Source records

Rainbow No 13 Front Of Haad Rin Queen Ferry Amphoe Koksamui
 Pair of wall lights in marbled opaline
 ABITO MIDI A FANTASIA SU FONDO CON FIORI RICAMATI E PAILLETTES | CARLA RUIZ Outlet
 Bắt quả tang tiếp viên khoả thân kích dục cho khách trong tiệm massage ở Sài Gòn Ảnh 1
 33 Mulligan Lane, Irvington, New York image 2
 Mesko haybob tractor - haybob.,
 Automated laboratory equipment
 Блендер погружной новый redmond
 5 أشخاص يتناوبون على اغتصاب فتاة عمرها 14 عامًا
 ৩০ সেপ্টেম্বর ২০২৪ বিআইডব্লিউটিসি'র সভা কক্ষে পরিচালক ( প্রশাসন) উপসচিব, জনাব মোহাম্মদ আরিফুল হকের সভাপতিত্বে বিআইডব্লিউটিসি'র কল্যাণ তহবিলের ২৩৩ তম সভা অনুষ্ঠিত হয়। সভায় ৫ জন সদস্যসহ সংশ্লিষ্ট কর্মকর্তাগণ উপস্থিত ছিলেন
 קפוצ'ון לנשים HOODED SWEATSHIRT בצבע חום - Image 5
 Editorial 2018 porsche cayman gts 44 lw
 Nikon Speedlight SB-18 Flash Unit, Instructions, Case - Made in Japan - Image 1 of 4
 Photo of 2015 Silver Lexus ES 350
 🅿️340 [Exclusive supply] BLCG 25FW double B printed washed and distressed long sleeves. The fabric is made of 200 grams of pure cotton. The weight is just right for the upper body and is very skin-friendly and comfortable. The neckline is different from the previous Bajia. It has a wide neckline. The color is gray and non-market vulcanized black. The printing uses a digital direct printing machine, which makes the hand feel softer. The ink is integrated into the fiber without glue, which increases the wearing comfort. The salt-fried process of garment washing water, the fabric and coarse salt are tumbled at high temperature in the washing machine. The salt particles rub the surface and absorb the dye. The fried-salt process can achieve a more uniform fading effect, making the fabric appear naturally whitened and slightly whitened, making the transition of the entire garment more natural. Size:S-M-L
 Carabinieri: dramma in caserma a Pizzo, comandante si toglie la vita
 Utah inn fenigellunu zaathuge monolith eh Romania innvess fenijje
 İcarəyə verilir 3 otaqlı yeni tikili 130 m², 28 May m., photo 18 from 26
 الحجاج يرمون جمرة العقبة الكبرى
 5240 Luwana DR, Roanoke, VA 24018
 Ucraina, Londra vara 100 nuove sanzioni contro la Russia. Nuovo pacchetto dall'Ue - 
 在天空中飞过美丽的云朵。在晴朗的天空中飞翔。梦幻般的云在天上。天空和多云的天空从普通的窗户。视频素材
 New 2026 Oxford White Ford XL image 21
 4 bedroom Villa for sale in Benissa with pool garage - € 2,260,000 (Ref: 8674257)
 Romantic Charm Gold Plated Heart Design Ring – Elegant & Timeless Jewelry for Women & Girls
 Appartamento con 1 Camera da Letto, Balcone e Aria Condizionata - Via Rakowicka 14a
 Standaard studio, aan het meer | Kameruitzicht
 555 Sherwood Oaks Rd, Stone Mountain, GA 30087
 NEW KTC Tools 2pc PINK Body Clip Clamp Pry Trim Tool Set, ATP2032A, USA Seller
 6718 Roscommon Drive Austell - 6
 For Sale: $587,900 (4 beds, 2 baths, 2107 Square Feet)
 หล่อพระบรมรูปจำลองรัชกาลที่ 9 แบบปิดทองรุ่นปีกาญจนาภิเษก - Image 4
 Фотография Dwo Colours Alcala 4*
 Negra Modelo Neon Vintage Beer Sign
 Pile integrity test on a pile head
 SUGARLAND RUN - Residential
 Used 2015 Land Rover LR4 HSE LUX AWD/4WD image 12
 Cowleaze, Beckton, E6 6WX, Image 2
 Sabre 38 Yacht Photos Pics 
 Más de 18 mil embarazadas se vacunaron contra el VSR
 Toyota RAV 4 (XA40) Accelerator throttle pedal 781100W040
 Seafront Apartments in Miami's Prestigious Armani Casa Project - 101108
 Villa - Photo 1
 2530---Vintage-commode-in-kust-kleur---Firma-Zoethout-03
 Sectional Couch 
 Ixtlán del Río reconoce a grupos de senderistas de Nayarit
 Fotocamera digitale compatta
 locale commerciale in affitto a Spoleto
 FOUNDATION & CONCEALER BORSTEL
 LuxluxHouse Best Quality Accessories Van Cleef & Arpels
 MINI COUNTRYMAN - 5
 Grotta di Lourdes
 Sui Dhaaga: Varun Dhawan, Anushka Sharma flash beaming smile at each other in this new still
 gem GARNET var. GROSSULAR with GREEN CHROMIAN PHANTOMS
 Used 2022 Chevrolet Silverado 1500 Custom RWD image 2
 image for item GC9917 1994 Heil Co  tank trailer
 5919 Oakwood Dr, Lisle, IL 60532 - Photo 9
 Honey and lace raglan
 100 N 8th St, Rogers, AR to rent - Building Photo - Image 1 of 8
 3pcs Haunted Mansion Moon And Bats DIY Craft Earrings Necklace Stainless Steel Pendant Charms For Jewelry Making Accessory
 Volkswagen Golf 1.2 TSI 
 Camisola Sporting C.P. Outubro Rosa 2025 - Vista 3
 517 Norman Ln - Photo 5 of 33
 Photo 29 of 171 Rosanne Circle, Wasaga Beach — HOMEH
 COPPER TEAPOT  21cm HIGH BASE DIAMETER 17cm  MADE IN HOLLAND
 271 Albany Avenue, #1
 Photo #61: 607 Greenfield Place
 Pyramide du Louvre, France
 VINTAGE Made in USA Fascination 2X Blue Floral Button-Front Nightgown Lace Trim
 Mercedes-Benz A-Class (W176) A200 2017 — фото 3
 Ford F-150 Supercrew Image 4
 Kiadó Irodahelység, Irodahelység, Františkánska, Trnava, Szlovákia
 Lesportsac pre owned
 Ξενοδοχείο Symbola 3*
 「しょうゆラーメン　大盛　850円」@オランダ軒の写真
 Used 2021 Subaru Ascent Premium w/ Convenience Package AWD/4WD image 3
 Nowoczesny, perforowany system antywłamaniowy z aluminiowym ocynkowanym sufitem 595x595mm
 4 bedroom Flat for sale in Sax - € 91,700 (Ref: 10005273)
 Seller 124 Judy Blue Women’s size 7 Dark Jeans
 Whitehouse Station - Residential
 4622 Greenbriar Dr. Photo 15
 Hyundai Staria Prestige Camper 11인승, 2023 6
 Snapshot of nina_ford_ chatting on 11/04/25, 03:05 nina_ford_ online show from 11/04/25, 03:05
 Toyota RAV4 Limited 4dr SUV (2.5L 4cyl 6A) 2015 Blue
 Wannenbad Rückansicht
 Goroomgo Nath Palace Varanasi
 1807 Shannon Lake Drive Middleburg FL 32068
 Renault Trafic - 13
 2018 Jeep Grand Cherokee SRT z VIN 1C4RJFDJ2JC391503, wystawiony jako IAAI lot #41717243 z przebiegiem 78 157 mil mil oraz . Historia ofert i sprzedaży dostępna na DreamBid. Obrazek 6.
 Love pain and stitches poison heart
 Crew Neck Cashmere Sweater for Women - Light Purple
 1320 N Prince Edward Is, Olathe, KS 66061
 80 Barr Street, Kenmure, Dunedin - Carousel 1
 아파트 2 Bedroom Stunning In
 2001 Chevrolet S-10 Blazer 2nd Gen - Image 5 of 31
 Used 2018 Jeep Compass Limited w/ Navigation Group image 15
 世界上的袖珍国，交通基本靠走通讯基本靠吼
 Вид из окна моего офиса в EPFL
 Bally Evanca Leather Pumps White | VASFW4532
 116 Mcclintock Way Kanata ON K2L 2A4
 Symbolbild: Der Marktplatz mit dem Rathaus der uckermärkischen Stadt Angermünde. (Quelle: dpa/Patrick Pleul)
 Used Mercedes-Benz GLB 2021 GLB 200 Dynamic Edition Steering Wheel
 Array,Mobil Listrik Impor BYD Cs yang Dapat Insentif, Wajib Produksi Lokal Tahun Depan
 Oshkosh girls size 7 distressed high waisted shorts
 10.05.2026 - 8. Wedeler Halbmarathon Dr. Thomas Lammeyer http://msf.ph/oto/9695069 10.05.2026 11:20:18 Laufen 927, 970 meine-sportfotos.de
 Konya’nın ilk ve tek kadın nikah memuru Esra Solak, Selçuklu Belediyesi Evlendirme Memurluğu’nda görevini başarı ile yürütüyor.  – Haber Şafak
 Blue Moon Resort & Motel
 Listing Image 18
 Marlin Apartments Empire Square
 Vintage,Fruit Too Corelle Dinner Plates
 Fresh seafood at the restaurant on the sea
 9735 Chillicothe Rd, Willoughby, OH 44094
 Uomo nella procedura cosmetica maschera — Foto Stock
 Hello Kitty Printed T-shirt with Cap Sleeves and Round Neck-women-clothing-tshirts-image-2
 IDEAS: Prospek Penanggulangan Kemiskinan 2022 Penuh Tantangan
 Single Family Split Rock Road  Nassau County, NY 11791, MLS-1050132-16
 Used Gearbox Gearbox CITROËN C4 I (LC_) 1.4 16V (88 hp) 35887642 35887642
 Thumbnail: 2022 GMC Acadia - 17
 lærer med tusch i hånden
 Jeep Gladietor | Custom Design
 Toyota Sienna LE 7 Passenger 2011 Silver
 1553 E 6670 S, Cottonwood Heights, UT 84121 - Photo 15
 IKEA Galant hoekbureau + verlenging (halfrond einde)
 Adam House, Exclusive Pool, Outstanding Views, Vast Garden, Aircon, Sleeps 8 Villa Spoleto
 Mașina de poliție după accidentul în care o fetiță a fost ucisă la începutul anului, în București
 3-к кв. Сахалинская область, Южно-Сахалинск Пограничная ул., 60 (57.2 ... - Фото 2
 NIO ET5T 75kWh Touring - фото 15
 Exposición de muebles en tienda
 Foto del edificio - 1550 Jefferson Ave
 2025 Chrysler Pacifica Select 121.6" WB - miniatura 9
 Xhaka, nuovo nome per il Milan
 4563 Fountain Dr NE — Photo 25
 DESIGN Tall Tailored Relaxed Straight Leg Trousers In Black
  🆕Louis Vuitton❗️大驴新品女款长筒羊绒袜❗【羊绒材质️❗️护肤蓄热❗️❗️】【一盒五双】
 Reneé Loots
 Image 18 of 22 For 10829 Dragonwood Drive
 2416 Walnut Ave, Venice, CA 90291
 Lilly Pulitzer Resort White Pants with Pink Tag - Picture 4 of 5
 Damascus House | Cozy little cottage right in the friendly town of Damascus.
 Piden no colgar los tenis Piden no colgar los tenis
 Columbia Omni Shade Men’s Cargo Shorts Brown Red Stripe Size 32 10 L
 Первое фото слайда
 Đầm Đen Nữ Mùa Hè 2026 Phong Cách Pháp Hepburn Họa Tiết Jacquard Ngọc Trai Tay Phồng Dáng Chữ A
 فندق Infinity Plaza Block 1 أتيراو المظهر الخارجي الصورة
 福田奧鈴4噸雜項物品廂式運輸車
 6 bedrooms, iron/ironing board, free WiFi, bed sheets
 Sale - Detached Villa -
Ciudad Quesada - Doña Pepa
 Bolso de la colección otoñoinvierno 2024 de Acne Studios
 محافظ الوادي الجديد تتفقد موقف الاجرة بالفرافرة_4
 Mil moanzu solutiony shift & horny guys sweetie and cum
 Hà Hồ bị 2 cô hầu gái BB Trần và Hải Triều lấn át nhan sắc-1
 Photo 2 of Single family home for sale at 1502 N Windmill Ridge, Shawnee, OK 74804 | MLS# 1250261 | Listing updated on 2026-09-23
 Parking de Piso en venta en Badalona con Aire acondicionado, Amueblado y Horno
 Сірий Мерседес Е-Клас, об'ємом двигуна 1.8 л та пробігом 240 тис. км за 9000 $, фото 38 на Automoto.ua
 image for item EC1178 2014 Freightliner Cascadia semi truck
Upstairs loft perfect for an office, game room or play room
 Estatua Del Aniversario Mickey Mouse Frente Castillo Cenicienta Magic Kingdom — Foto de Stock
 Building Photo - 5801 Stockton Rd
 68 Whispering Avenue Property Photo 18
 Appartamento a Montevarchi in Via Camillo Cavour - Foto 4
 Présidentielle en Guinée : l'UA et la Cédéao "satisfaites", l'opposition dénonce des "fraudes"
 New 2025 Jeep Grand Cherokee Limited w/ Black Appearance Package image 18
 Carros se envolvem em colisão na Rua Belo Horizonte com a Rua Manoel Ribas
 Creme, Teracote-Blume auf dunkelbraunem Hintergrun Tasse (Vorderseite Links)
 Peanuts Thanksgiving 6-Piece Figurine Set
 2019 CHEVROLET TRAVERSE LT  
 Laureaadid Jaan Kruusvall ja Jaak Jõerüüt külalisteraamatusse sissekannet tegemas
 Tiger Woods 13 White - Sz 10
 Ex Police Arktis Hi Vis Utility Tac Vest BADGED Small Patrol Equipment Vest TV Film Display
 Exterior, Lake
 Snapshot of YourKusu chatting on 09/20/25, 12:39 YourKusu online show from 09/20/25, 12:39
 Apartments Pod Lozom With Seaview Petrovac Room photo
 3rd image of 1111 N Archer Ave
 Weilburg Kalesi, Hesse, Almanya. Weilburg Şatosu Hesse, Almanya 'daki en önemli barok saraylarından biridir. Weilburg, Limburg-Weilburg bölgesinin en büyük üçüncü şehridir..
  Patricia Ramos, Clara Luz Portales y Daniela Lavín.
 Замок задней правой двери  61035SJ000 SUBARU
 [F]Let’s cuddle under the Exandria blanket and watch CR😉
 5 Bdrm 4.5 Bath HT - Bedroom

• **Task requirements**: Starting at the line that has "Oshkosh girls size" and ending at the line that has "Uomo nella procedura", please write out the lines above exactly, leaving out all others.

• **Written reply**:
 Oshkosh girls size 7 distressed high waisted shorts
 10.05.2026 - 8. Wedeler Halbmarathon Dr. Thomas Lammeyer http://msf.ph/oto/9695069 10.05.2026 11:20:18 Laufen 927, 970 meine-sportfotos.de
 Konya’nın ilk ve tek kadın nikah memuru Esra Solak, Selçuklu Belediyesi Evlendirme Memurluğu’nda görevini başarı ile yürütüyor.  – Haber Şafak
 Blue Moon Resort & Motel
 Listing Image 18
 Marlin Apartments Empire Square
 Vintage,Fruit Too Corelle Dinner Plates
 Fresh seafood at the restaurant on the sea
 9735 Chillicothe Rd, Willoughby, OH 44094
 Uomo nella procedura cosmetica maschera — Foto Stock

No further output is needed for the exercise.